Join Date: Mar 2007
Location: San Antonio, Texas
How good is the fit of the seal on the perimeter of the splash guards to the body on your cars? I believe the rear of the front wheel well splashguard is a somewhat important part of corrosion control?
I took mine off last spring and so I got a good look at how they were originally fitted. My Super is very original and the splash guard area had obviously never been touched. The fit of the flash guard was much closer than yours, I'm afraid, and was held in place with sheet-metal screws. As I recall, there was no evidence of sealant on the rubber gasket nor was there any evidence of moisture, dirt, or rust in this critical area. So the flush fit was obviously critical. When I put it back on, I used some additional sheet-metal screws just to be on the safe side. The fit was again uniformly flush, however.
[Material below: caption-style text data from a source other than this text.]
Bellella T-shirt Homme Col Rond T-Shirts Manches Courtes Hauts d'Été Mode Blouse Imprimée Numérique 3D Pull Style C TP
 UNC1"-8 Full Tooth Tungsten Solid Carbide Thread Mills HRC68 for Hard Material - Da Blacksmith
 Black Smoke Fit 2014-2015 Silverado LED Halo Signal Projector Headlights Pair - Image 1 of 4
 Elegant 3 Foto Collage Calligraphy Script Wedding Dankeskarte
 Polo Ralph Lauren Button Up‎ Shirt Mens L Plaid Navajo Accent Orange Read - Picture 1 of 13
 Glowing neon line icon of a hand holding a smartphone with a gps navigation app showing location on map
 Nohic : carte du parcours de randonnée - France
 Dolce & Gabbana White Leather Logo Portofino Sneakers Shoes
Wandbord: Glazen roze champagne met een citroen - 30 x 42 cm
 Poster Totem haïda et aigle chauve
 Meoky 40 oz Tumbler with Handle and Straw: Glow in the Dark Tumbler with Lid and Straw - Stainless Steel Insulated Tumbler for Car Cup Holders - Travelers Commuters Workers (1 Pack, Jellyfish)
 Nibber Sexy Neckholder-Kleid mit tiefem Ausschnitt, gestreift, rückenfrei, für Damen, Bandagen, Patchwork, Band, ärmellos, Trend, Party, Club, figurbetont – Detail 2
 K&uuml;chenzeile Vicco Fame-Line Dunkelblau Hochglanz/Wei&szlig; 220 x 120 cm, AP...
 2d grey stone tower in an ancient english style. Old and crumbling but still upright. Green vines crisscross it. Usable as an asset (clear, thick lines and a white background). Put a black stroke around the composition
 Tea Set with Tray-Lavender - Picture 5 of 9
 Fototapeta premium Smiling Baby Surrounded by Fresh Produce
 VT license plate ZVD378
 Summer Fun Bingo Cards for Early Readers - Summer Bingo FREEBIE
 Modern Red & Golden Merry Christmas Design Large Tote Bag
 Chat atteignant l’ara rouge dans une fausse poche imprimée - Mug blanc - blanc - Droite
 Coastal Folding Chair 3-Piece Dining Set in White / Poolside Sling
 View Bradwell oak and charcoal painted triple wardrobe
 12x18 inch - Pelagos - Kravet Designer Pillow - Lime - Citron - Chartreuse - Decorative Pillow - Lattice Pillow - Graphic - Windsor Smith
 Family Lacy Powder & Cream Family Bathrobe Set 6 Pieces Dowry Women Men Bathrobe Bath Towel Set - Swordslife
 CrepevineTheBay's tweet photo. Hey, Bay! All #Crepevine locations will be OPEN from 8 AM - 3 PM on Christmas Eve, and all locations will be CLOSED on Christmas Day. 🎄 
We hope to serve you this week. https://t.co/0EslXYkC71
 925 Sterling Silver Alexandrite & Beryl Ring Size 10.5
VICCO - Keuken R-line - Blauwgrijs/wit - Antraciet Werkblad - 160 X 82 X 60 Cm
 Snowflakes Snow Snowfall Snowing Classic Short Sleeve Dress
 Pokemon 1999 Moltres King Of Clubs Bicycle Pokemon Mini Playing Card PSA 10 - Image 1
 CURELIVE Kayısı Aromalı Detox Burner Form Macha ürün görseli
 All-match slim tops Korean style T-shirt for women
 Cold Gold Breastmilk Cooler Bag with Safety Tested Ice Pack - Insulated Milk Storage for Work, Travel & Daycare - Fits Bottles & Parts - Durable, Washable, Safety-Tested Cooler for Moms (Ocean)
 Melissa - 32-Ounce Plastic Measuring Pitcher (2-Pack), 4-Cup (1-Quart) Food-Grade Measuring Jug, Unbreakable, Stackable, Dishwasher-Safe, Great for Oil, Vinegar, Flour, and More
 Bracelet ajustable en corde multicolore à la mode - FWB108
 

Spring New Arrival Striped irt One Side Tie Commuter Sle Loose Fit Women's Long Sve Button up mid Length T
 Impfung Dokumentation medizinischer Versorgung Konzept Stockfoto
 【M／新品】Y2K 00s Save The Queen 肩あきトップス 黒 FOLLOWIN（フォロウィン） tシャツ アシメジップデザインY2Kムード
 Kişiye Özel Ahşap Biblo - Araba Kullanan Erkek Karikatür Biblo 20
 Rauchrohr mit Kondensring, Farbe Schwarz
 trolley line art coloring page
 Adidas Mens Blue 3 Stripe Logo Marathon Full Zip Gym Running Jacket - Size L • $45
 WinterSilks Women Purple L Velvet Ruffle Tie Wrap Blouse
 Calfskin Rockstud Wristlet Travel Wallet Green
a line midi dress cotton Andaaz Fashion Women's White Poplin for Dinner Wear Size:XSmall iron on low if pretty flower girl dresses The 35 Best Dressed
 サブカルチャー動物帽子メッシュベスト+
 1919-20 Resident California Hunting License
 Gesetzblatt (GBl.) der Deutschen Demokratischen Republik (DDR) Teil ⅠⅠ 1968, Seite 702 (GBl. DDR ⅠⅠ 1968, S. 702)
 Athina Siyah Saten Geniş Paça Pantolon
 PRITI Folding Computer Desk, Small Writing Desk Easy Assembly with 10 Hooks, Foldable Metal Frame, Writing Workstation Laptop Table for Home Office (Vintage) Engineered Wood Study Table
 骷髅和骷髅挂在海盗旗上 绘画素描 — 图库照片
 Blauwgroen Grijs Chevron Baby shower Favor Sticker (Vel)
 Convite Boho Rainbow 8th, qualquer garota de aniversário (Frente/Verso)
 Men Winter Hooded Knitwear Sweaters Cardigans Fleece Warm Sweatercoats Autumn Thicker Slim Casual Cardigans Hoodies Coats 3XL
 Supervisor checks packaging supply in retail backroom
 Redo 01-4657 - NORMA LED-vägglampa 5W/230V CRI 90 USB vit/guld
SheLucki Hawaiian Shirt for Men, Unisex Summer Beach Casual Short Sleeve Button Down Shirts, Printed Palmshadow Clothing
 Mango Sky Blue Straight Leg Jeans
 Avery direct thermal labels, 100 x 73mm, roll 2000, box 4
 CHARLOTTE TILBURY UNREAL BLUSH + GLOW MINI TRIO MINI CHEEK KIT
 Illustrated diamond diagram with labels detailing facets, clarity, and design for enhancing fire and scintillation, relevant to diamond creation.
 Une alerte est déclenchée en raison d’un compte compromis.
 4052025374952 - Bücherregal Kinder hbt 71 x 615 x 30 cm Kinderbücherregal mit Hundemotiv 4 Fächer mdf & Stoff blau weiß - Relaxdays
Taking the splash guard off was a pretty interesting experience in itself because I found myself looking at an inner panel that had been sealed for 45 years. The inner fender had been painted body color and so I was surprised at how my compounding efforts had restored the 45 year old outsides to very closely match the original color that I found in the sealed panel. This is a testament to the quality of Alfa's single-stage enamel paint.
Re: Inside plastic door sheets. I abandoned trying to attach these with any kind of glue which I found messy and gave me less confidence that it would actually keep water out of my car. Instead, I switched to using duct-tape to seal the plastic sheet edges to the door sheet-metal. This is remarkably easy to do, is waterproof, and and can easily be removed when you need to do so.
Jim . . . '72 Super 1300, '70, 1750GTV, 2nd series,
'62, Lancia Flaminia Zagato3c, 2nd series
Last edited by 180OUT; 03-08-2018 at 12:18 PM.